Data excerpts:
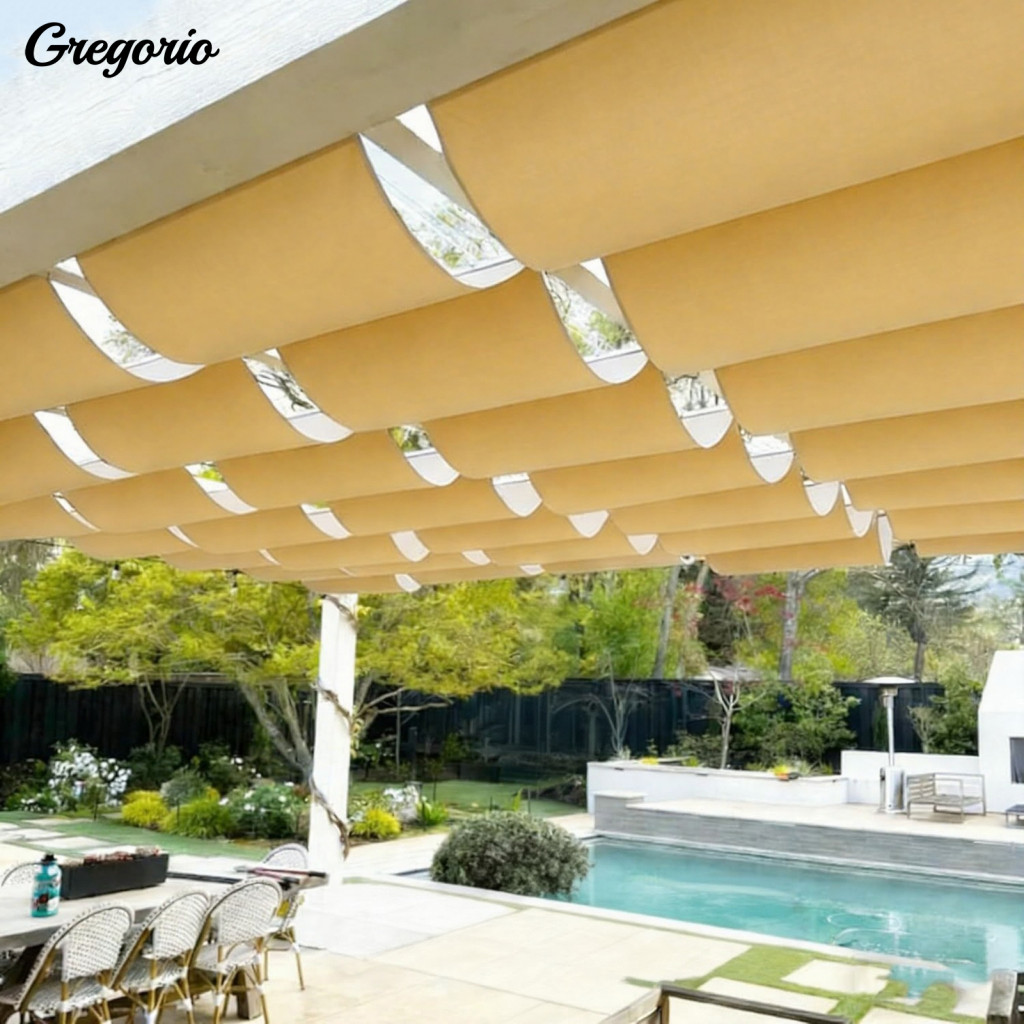 Retractable Shade Sail Waterproof Awning Sun with Eyelets Rope Adjustable Outdoor Canopy for Garden Patio Yard Lawn Uv f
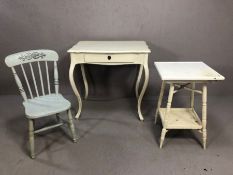 Three pieces of white painted furniture: two tables and a child's chair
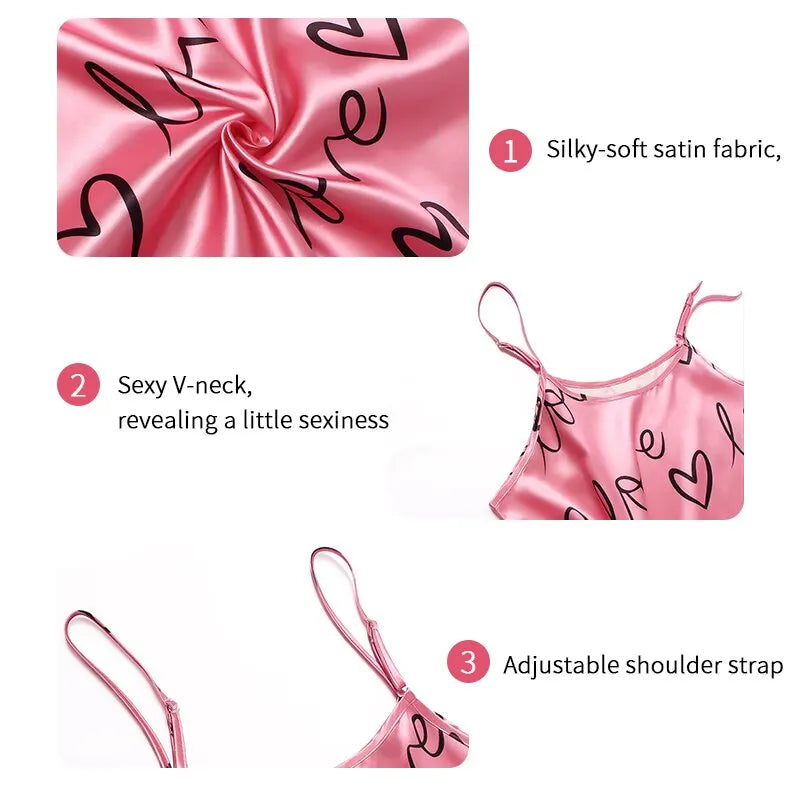 Women Sexy Sleeveless Satin Nightdress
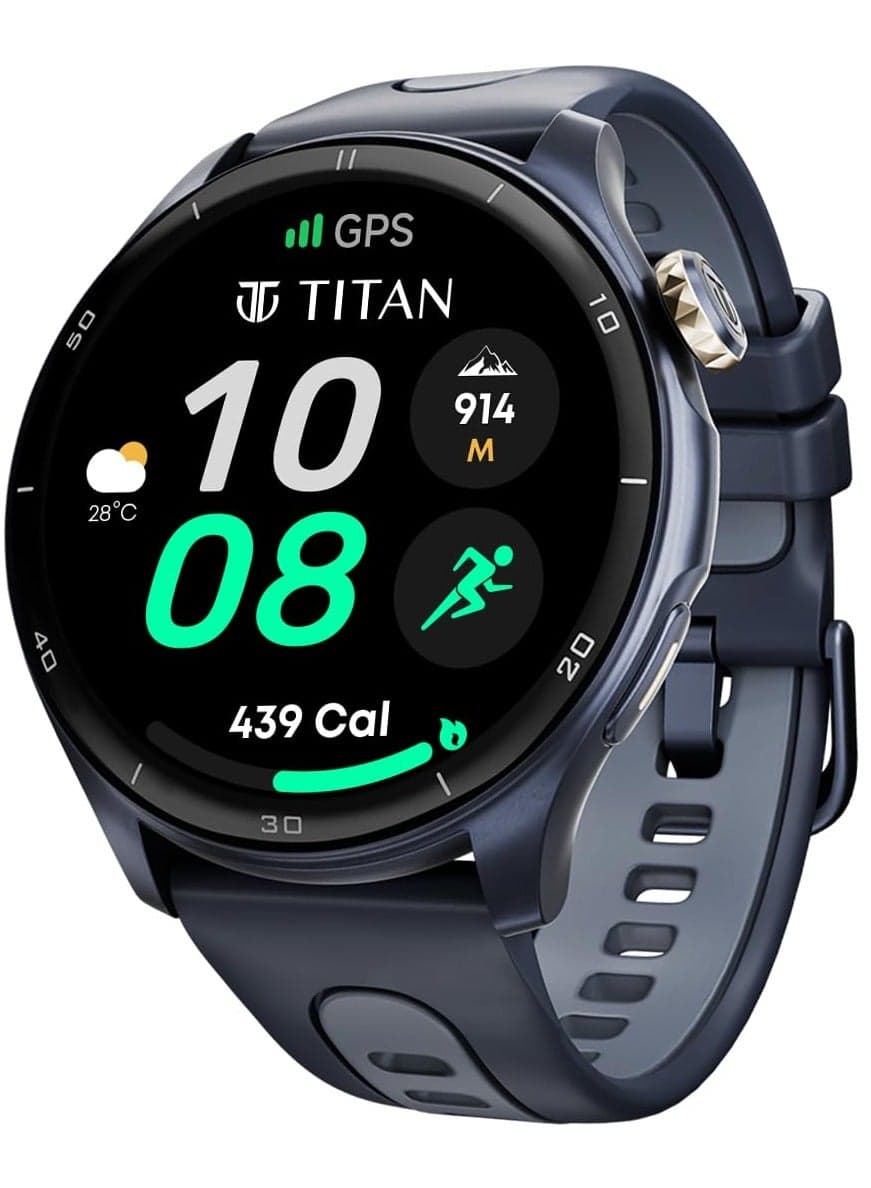 Celestor Smart Watch 1.43"AMOLED Round Display, Opto-Mechanical Crown, In-Built GPS, Altimeter, Barometer, Compass, BT Calling Blue / Blue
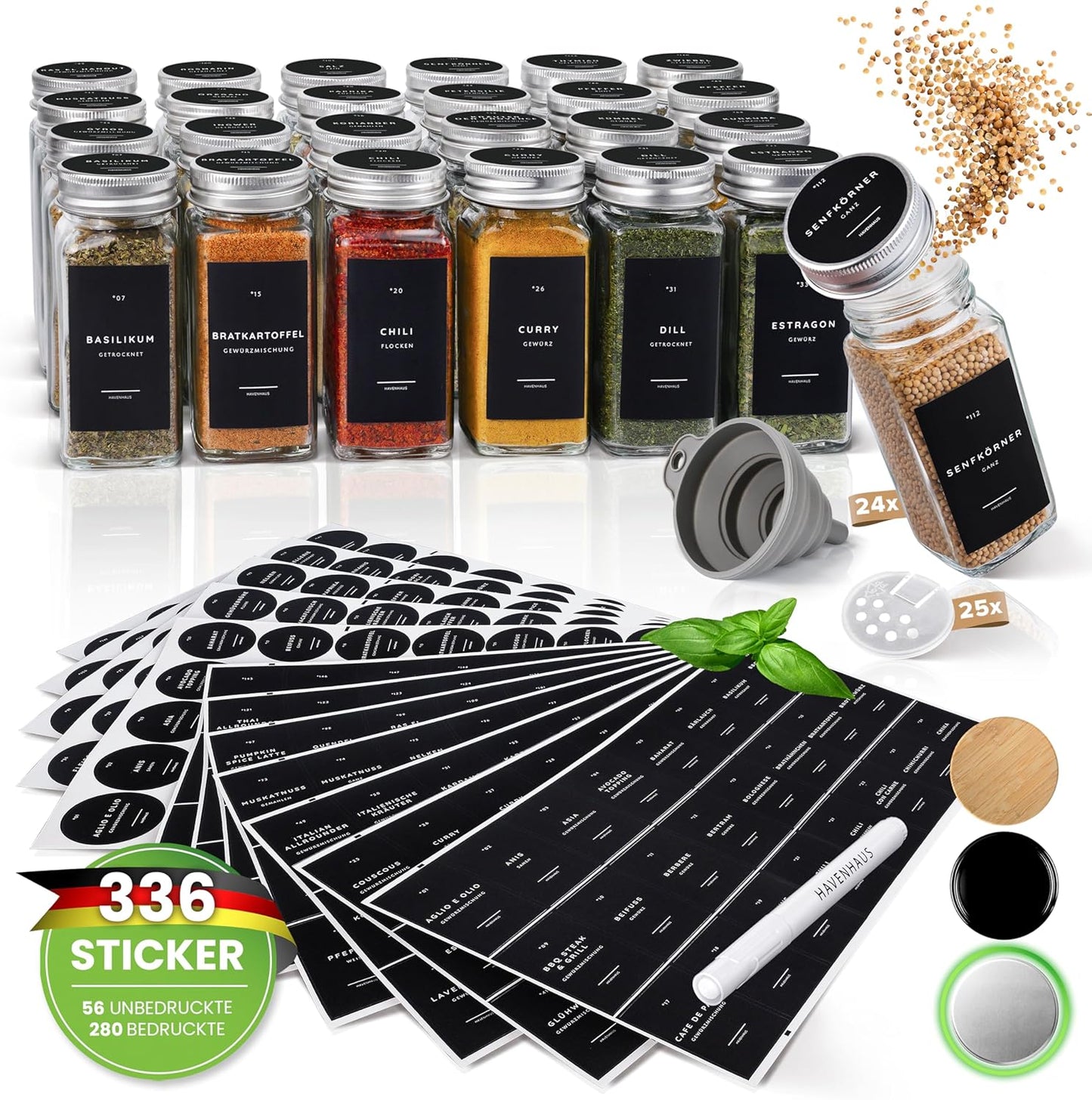 24er-Pack Gewürzgläser Set inkl. Zubehörset, 24 Gewürzgläser Aluminium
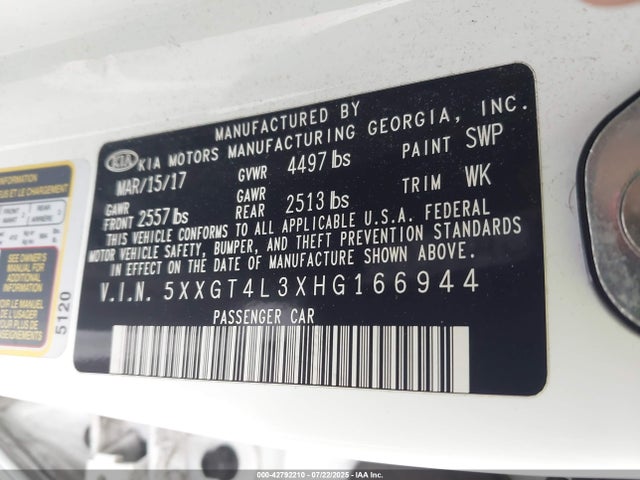 5XXGT4L3XHG166944 KIA g 2.4 dohc gdi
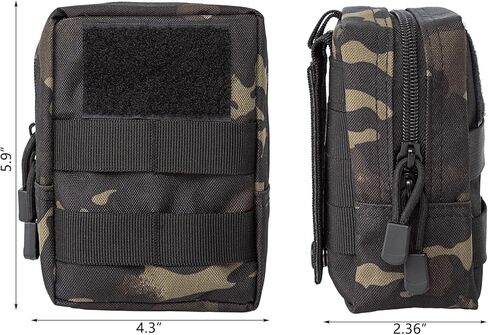 2 حزمة من الحقائب الرخوة Focalmotors عالية الجودة مقاومة للماء التكتيكية المدمجة EDC الحقيبة أداة تنظيم الأدوات، التمويه الداكن in Kuwait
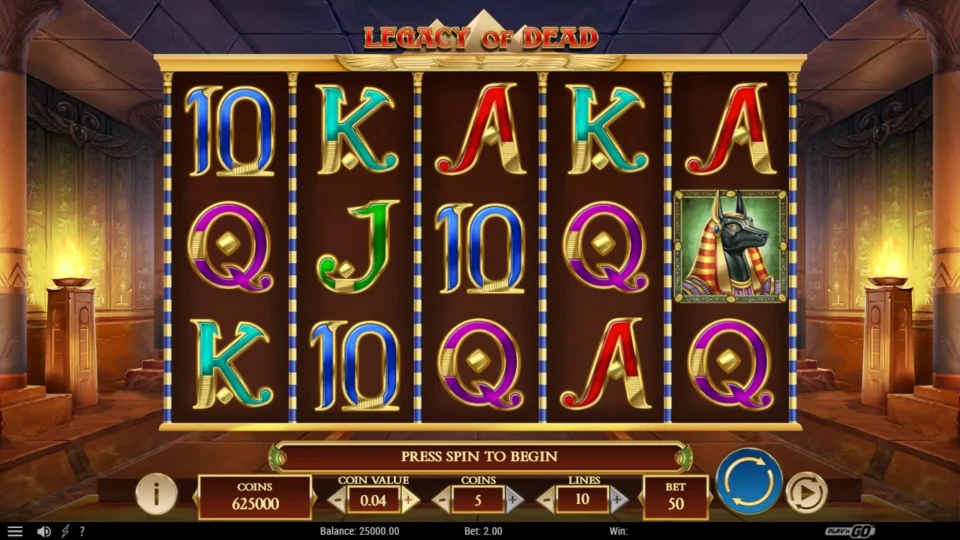 Legacy of Dead: The five-by-three field at a DEMO 2.00 bet before the first spin, balance DEMO 25,000.00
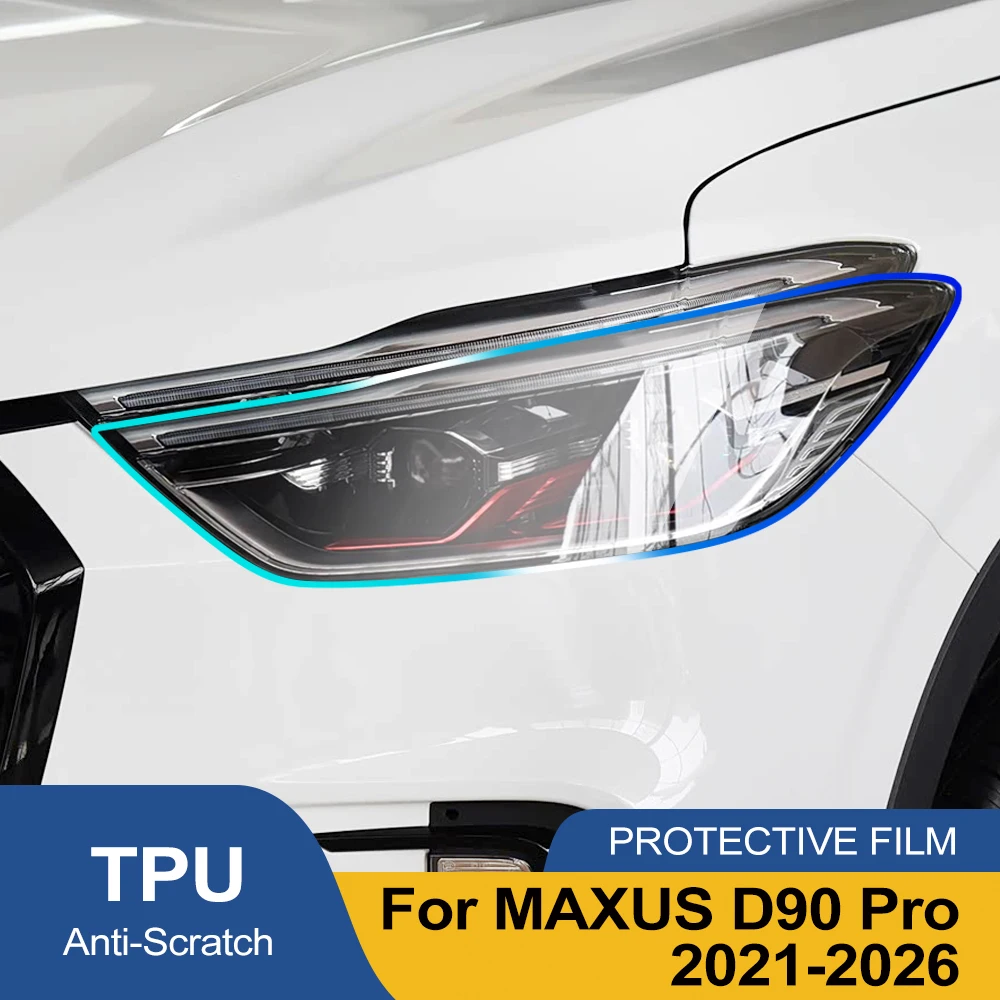 Custom Fit TPU PPF for MAXUS D90 Pro 2021-2026 High Gloss Smoke Black Pre Cut Headlight Protective Film Anti-Scratch Vinyl Wrap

Directions for this task:
Set the entries down exactly, but not the pictures.

Result:
 Retractable Shade Sail Waterproof Awning Sun with Eyelets Rope Adjustable Outdoor Canopy for Garden Patio Yard Lawn Uv f
 Three pieces of white painted furniture: two tables and a child's chair
 Women Sexy Sleeveless Satin Nightdress
 Celestor Smart Watch 1.43"AMOLED Round Display, Opto-Mechanical Crown, In-Built GPS, Altimeter, Barometer, Compass, BT Calling Blue / Blue
 24er-Pack Gewürzgläser Set inkl. Zubehörset, 24 Gewürzgläser Aluminium
 5XXGT4L3XHG166944 KIA g 2.4 dohc gdi
 2 حزمة من الحقائب الرخوة Focalmotors عالية الجودة مقاومة للماء التكتيكية المدمجة EDC الحقيبة أداة تنظيم الأدوات، التمويه الداكن in Kuwait
 Legacy of Dead: The five-by-three field at a DEMO 2.00 bet before the first spin, balance DEMO 25,000.00
 Custom Fit TPU PPF for MAXUS D90 Pro 2021-2026 High Gloss Smoke Black Pre Cut Headlight Protective Film Anti-Scratch Vinyl Wrap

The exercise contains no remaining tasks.